- Allegiance: United Kingdom
- Branch: British Army
- Rank: Captain
- Unit: Royal Electrical and Mechanical Engineers
- Spouse: Jake Graf ​(m. 2018)​

= Hannah Graf =

British Army officer and transgender rights activist

Captain Hannah Graf is a former officer of the British Army and a transgender rights activist. Graf was a captain in the Royal Electrical and Mechanical Engineers and the highest-ranking transgender officer in the British Army, overseeing a company of a hundred soldiers. After she came out as transgender in 2013, she advised the army on transgender issues.

== Biography ==
While training as an officer at the Royal Military Academy Sandhurst, Graf openly identified as a gay man, however she felt the identification was "never particularly satisfactory" and "never found much solace in the gay male community". In 2012, she was stationed at the Camp Bastion airbase in Afghanistan. A captain in the Royal Electrical and Mechanical Engineers, she oversaw a company of a hundred soldiers. After returning from a tour of duty in Afghanistan, in 2013, she began living openly as a trans woman and became the highest ranking transgender person in the British Army. Although her colleagues were supportive of her decision to transition, she felt unsure how others would view her after her transition. After coming out, she additionally served as an advisor for transgender issues in the army.

Graf is a patron of the charity Mermaids and served an ambassador for LGBT Sport Cymru. She received an honorary fellowship from Cardiff University in 2016 for her work with the two organisations. In 2018, she was appointed a Member of the Order of the British Empire by Prince William, Duke of Cambridge for "services to the LGBTQ community in the military". After receiving the honour at Buckingham Palace, she voiced her support for the British Army's "embrace" of transgender individuals and criticised recent bans of transgender personnel in the United States military. The LGBT rights organisation Stonewall named Graf their "Trans Role Model of the Year" in 2019.
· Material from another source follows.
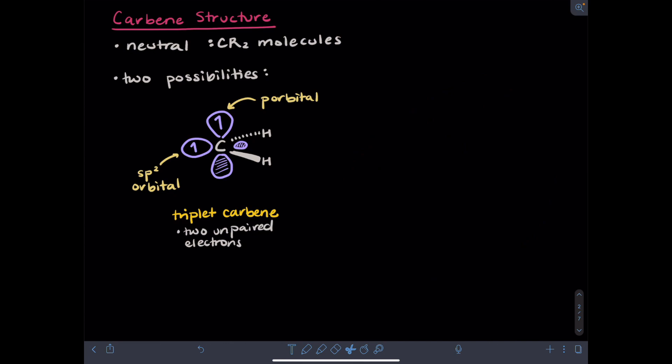One possibility for a bent carbene is that it is classified as a triplet carbene. A bent triplet carbene will have an sp2 hybridized carbon, with one unpaired electron in an sp2 orbital in the plane of the molecule, and one unpaired electron with the same spin in a half-filled p orbital.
She met actor and filmmaker Jake Graf, who is also transgender, in December 2015. The couple announced their engagement in 2017 and married the following year. In 2020, the couple had their first child; their experience as transgender parents was broadcast later that year in the Channel 4 documentary Our Baby: A Modern Miracle. Coronet Books published a memoir by the couple, titled Becoming Us, in 2023.